Figure 1: Gross Bank Credit Uptake Continues to Soften (y-o-y growth %)

Figure 2: Broad-Based Slowdown with Minor m-o-m Uptick excl. Agri (y-o-y, %)

The gross credit offtake has continued to moderate, reaching 9.5% in June 2025 after expanding in the range of 10%-16% over the past couple of years. This deceleration can primarily be attributed to a slowdown in the large industries, NBFCs, commercial real estate, housing, vehicle, and other personal loan segments. In June 2025, nonfood bank credit grew by 9.3% compared to 13.9% in the same period a year ago.

Figure 3: Personal Loans Remain the Largest Segment in Bank Credit, while Services Shrinks Marginally (%)

Credit to Industry Grows at a Slower Pace

Figure 4: Overall Industry Growth Slows; Share of MSMEs Increases

In June 2025, credit outstanding to industry fell to 5.5% compared to 8.1% (7.7% excluding merger) in the yearago period, driven by a pronounced slowdown in the capex spending and infrastructure segments. Among major sectors, outstanding credit to mining and quarrying, food processing, beverages and tobacco, petroleum, coal products, nuclear fuels, chemicals and chemical products, glass and glassware, cement and cement products, basic metal and metal products decelerated, which was only partially offset by the textiles, wood and paper products, rubber and plastic products, engineering, electronics, construction and gems and jewellery, which recorded yearover-year growth.

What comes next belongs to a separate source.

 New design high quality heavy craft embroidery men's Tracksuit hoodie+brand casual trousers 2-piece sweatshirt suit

Figure 5: Sluggish Large Industry Offset by MSME Growth (y-o-y, %)

Figure 6: Infrastructure Sees Contraction (y-o-y, %)

* The MSME segment has generally continued to outpace the large segment, leading to a shift in the credit composition. The share of large industry in overall industrial credit declined from 71.9% in June 2024 to 68.7% in June 2025, reflecting a relative increase in the MSME share contributing to growth in the MSME sector. This shift is driven by policy support measures such as ECLGS and CGTMSE, rising formalisation of small businesses, and comparatively subdued credit demand from large corporates.

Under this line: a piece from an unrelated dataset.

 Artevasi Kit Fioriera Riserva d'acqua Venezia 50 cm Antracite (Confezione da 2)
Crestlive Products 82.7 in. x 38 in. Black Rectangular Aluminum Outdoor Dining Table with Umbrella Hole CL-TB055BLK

* The infrastructure sector, accounting for 33.5% of overall industry credit, saw a y-o-y contraction of 0.5% in June 2025, a reversal from 5.5% growth a year earlier. Within this, the power sector, comprising 52.8% of infrastructure credit, grew modestly at 7.6%, down from 3.3% in June 2024. In contrast, credit to the roads segment declined by 5.7% y-o-y, following an 8.8% growth seen in the previous year, with similar weakness observed in the ports, railways, telecommunications and other infrastructure sectors. The contraction reflects a combination of high base effects and shifting to alternative funding.

Services Sector

Figure 7: The Share of NBFCs Slightly Edges Up in June 2025

Growth in the services sector moderated to 9.0% in June 2025, nearly half of the 17.4% (15.1% excluding merger) rate reported a year ago, primarily due to a decline in lending to NBFCs, commercial real estate and other services, and was only mitigated in part by growth in the computer software and shipping, aviation.

Figure 8: NBFCs Credit Growth Witnessed a m-o-m Uptick in June 2025 (y-o-y, %)

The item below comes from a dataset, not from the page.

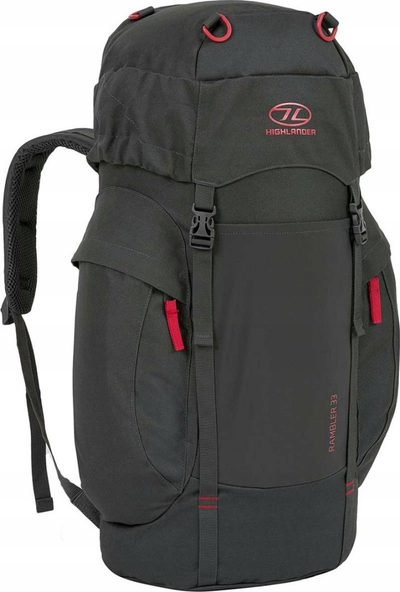 Çantë shpine për hiking Highlander, 33 L, e zezë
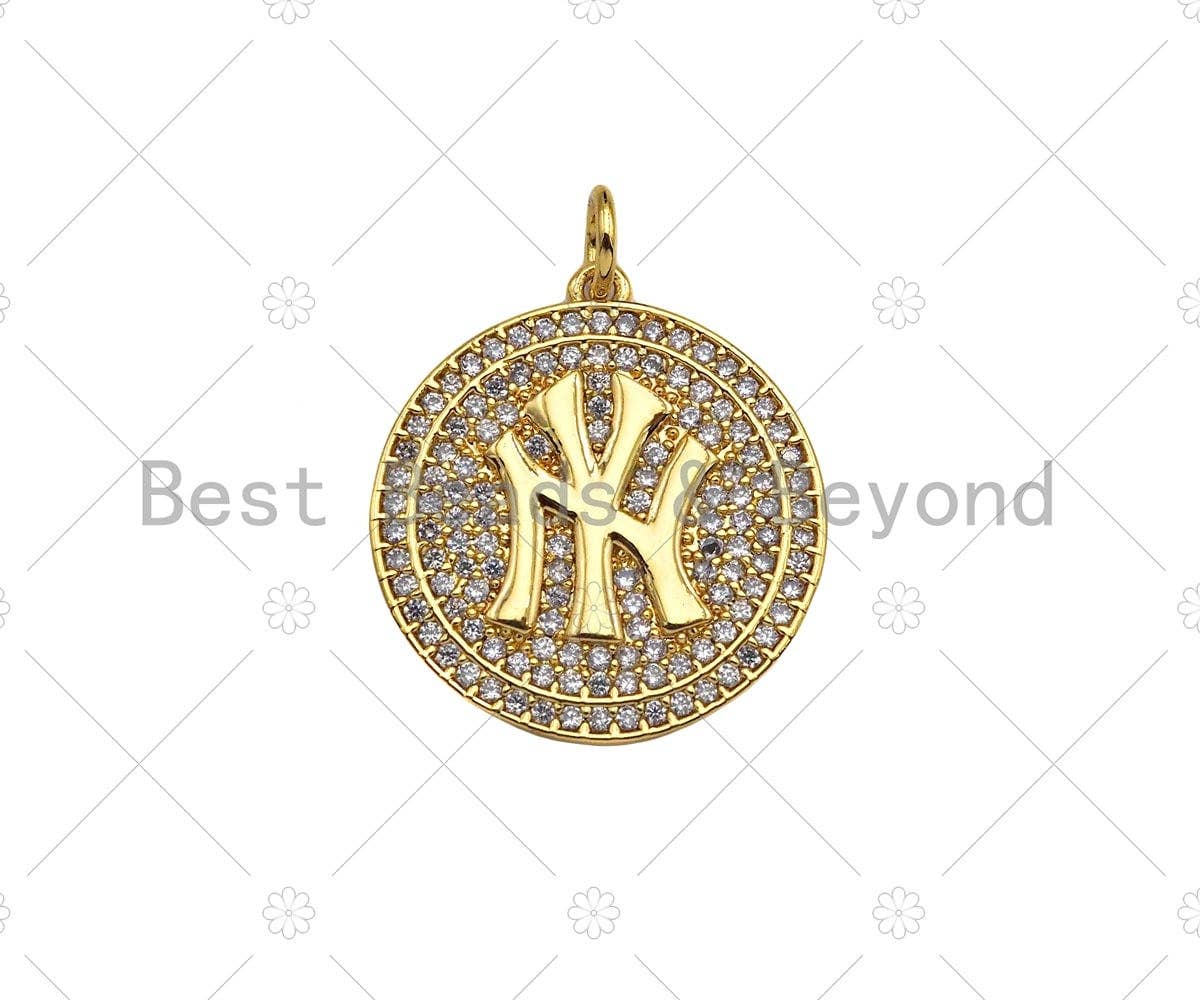 BestBeads&Beyond - Wholesale Individual Charm/Pendant - Gold Filled New York Yankees Logo On Round Cion Shape Pendant, 18K Gold Filled Medallion Charm,Necklace Bracelet Charm,20x22mm,Sku#F13991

* Bank lending to NBFCs saw a month-on-month(m-o-m) uptick in June 2025, but the y-o-y growth moderated. Outstanding credit to NBFCs stood at Rs 15.9 lakh crore, reflecting a modest 2.6% increase compared to 8.5% growth in June 2024. For over a year, credit flow to NBFCs has consistently lagged overall bank credit growth, constrained by regulatory tightening, an unfavourable base effect, and a shift towards foreign and capital market funding. NBFCs’ share in total bank credit declined from 9.2% in June 2024 to 8.6% in June 2025. While the partial rollback of risk weights signals RBI’s confidence, sustained growth remains unlikely, as banks remain cautious toward smaller NBFCs and those exposed to MFIs, consumer credit, and unsecured personal loans. Meanwhile, larger NBFCs are increasingly turning to capital markets for cheaper funding and greater diversification, further limiting their reliance on bank credit.

* Outstanding credit to the commercial real estate segment stands at Rs 5.5 lakh crore, with growth moderating to 14.9% in June 2025, down significantly from 40.7.% in the same period last year (22.8% excluding merger), reflecting a continued slowdown in the segment.